Despite the efforts of the Object Management Group to promote the CORBA standard, Rock-Evans says that very few companies are really using CORBA to develop large systems.
"Iona Technologies Inc. has the biggest market share [of the CORBA market] with around 2,000 customers, each with an average of five licenses, including client licenses. That does not suggest they are using it on a large scale. It suggests they are using it for experimental reasons, and could easily abandon CORBA if they wanted to," Rock-Evans says.
The report says that in the ORB market, the main winners will be Microsoft followed by Iona and Visigenic. But strong competition will come from existing middleware vendors that are adding object-based interfaces to their products, notably BEA with Tuxedo and NCR Corp. with Top End.

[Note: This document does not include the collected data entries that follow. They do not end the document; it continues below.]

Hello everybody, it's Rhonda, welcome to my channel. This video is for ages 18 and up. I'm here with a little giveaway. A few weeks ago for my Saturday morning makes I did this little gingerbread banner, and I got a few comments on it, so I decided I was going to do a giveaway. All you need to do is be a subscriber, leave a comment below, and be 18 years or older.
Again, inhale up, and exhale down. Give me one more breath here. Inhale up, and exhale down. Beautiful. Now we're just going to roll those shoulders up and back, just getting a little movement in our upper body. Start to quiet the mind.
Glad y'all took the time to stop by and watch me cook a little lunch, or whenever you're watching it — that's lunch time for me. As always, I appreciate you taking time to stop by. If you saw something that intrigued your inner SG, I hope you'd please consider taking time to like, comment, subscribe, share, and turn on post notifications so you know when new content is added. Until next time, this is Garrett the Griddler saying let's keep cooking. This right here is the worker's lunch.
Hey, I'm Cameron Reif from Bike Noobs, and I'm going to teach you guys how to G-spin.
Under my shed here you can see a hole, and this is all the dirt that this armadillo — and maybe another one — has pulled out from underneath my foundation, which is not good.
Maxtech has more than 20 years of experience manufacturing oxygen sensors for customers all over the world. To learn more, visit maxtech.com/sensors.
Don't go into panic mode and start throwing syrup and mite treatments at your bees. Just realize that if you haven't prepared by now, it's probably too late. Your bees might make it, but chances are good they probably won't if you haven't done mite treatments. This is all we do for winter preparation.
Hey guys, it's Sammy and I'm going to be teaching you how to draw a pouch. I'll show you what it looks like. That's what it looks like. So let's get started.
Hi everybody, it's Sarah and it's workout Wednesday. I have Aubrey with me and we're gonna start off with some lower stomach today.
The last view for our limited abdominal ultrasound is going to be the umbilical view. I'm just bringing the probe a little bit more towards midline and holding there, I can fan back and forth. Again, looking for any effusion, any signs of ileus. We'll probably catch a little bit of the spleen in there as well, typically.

It pinpoints the main losers in the ORB race as Sun Microsystems Inc. and IBM and gives two main reasons for this.
First, both rely heavily on the Internet Inter-ORB Protocol, a technology that does not work out-of-the-box. They also have a strategy based on inter-operability -- something the other CORBA members do not strongly support and which may prove impossible to achieve anyway, as more proprietary services are added to the competitor products.
Secondly, both IBM and Sun favor the embedding of CORBA services in the operating system, which then compromises platform independence.
"Only Microsoft can get away with this sort of action, neither Sun nor IBM has the market share to make it work," the report says.
The report is particularly critical in its treatment of Sun, saying the company has a very weak position on the middleware market.